With back to school having calmed down and business pretty much back at its normal levels, this is about the time of year when the extra help we hired to help with the back to school rush starts wearing out their welcome. One guy in particular - we'll call him Joe Schmo - got on our nerves real quick. This is but one example.
It was the middle of the lunchtime rush when I was called to the front to help ring people up. When I got there, I saw that there was a line of five or six people waiting. Standing beside the line - not IN it - was Joe, holding a bag of beef jerky about five feet away. I assumed he was just waiting for the line to die down, as the general rule in retail is that customers get rung up before employees (unless the employee isn't working that day, in which case they wait in line like everyone else). Whatever the case, I called for next customer in line and walked around to my side of the register.
Joe runs over and drops the snack on the counter. Not only did he think he was going to make all the customers wait, he also seemed to think he was going to cut into a line he hadn't even been a part of. "Customers come first," I told him as the woman who had been next in line crowded in behind him. I pushed the beef jerky back toward him and motioned for the woman to come forward.
But Joe doesn't move. "I just want this," he says, pushing the bag back at me.
"You're not understanding me," I said, shaking my head. "All these people have been waiting and you weren't even in line. Customers come before employees. I'll gladly ring you up once these people are taken care of."
He stands there with this bewildered look on his face. "Technically, I am a customer."
"No, you're not. You're an employee. You can wait until the line dies down." Which usually doesn't take too long.
Finally, he shuffles aside with an assortment of grunts and complaints muttered under his breath that he seems to think I can't hear. The woman who'd been next starts giving me her items to check out, and as I'm bagging them, Joe walks around to the other side and gets in line behind her. Remember, there were another four or five people waiting in the big line that had been there when I walked up.
I didn't want to argue in front of the customer though, so I stayed quiet, checked her out, bagged her stuff, and sent her on her way. Joe comes up again and drops the bag on the counter. "You're not getting it, are you?" I asked. "Customers come before employees."
"I just want this," he says again.
"You have to wait until the line dies down!"
"It'll take two seconds."
He wouldn't move. He wouldn't step aside and let customers go first. He was being an impatient... well, customer.

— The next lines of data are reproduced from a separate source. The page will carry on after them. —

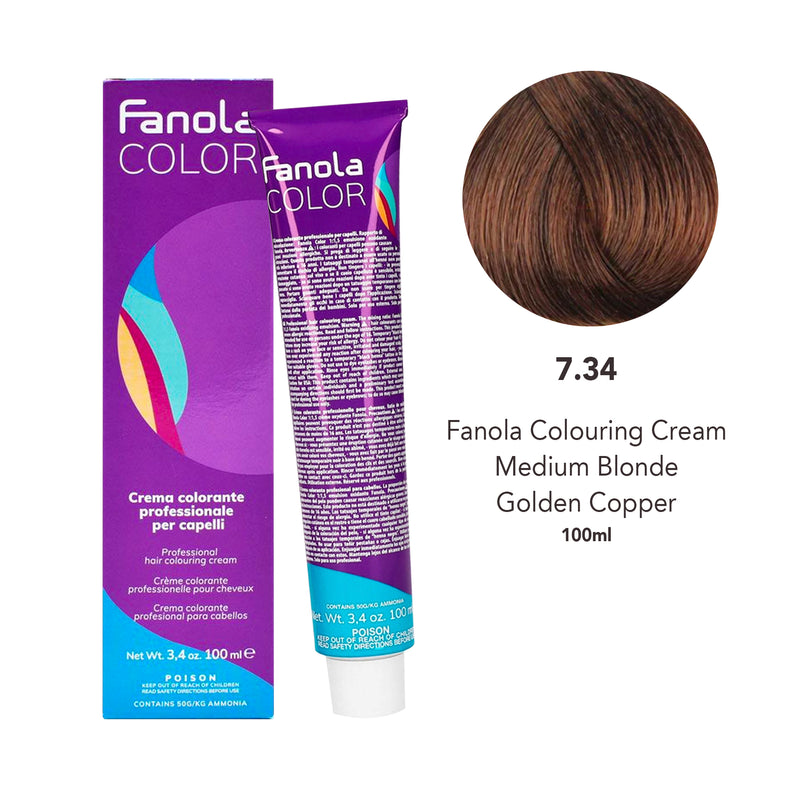 Fanola Hair Coloring Cream 7.34 Hair Medium Golden Copper Blonde 100ml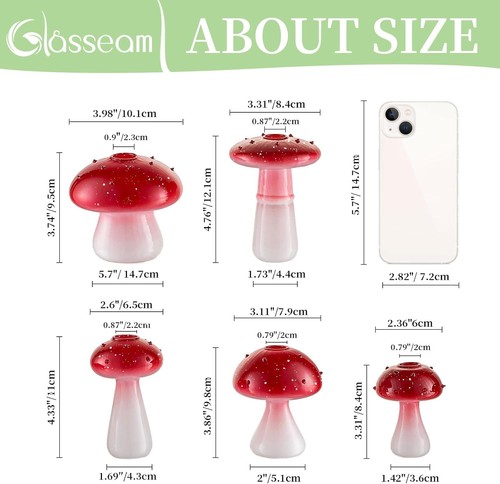 Glasseam Mushroom Vase Small for Decor: Cute Glass Colored Vases 5, Red - Picture 5 of 7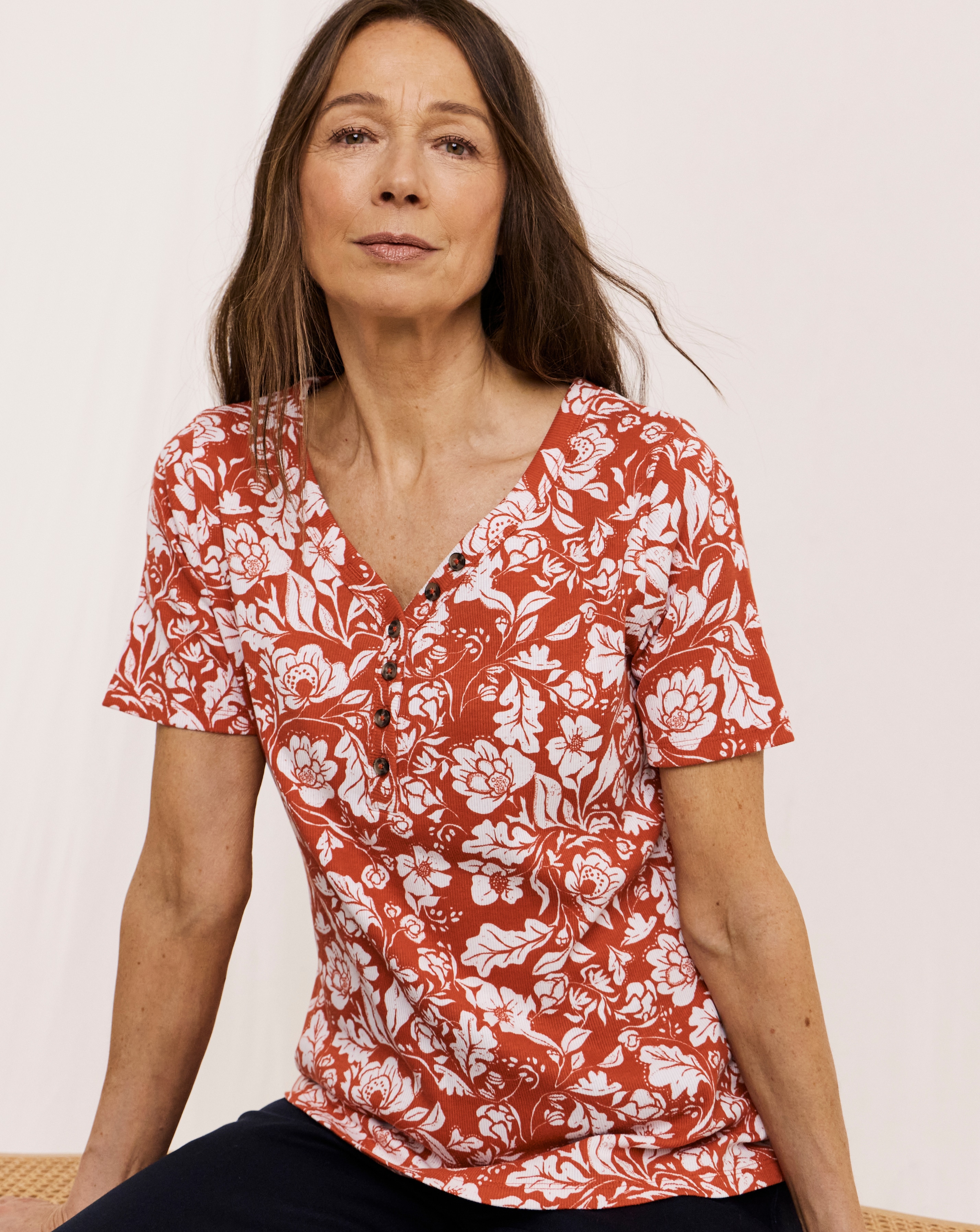 New In - Julipa Cotton Ribbed Henley Top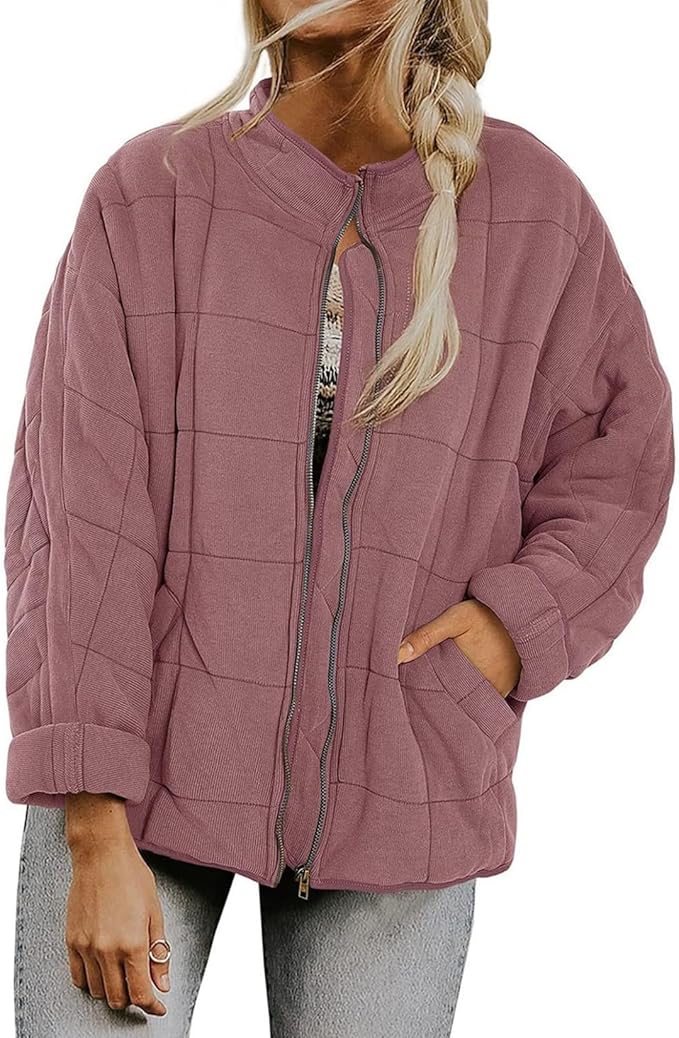 LIZALIG Warm Padded Coat for Women Full Zip Quilted Jackets Winter Oversized Causal Solid Color Stand Collar Pockets Coat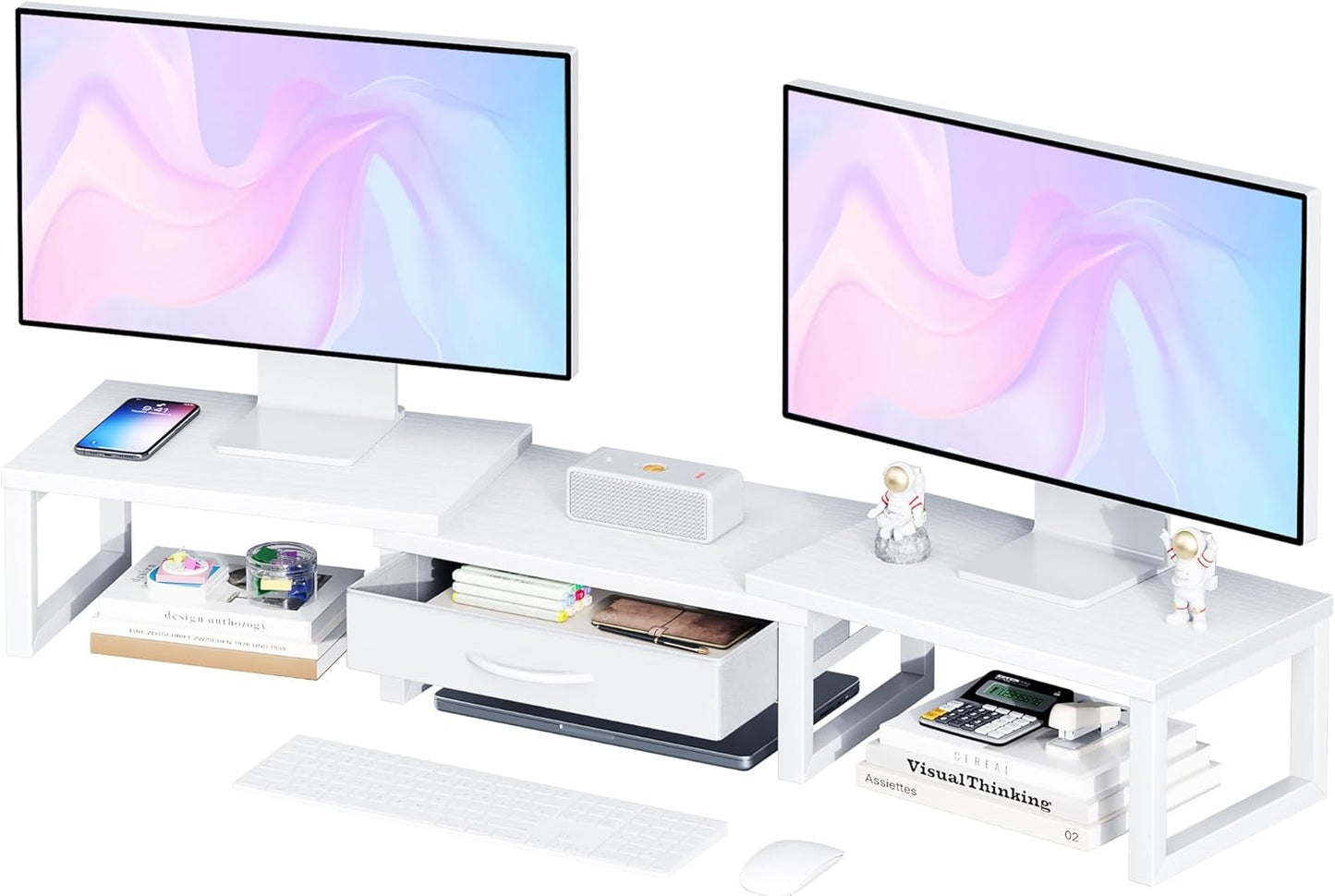 Dual Monitor Stand Riser, Desk Organizers and Accessories with Drawer, Computer Monitor Stands for Desk, Adjustable Desktop Shelf for PC Laptop Printer TV, Black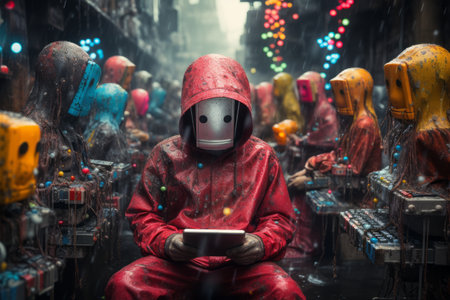 Unrecognizable person with gadget in a mask. Future of social media or cyberpunk. generative AIの素材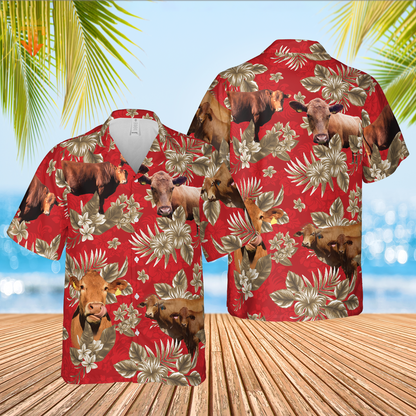 Red Angus Cattle Lovers Aloha Pattern All Over Printed 3D Hawaiian Shirt HO5382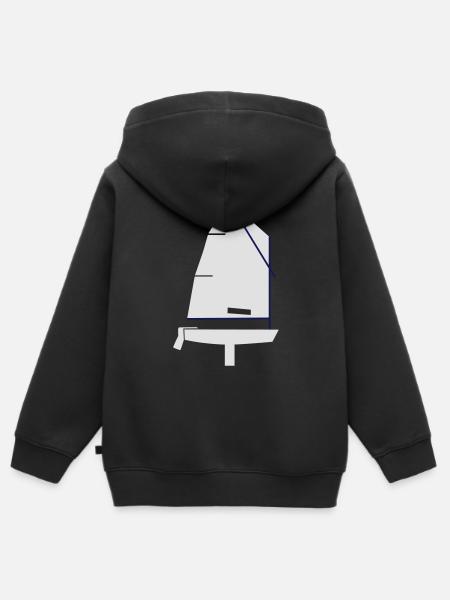 opti_V2-svg - Kinder Premium Organic Zip Hoodie - Schwarz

Clenching my fists, I finally let him buy the stupid jerky only because I was well aware that the time I wasted arguing with him could've been saved if I'd just rung him up in the first place. I got dirty looks from the customers who had been waiting through all this, of course, but to stand there and continue arguing with him would've forced them to wait even longer.
It's ok, though, because Joe Schmoe has since been let go.
Shopping tip of the day for 9/22/09: We're fully aware that the phrase, "Any other store would let me return this!" is a total crock. We're humans too, and we shop too. I've never been to a store with as liberal a return policy as so many of you seem to think exists. We're not a rental outlet where you can pay for something, use it for a few years, and then return it - without receipt and package, of course - for a full refund.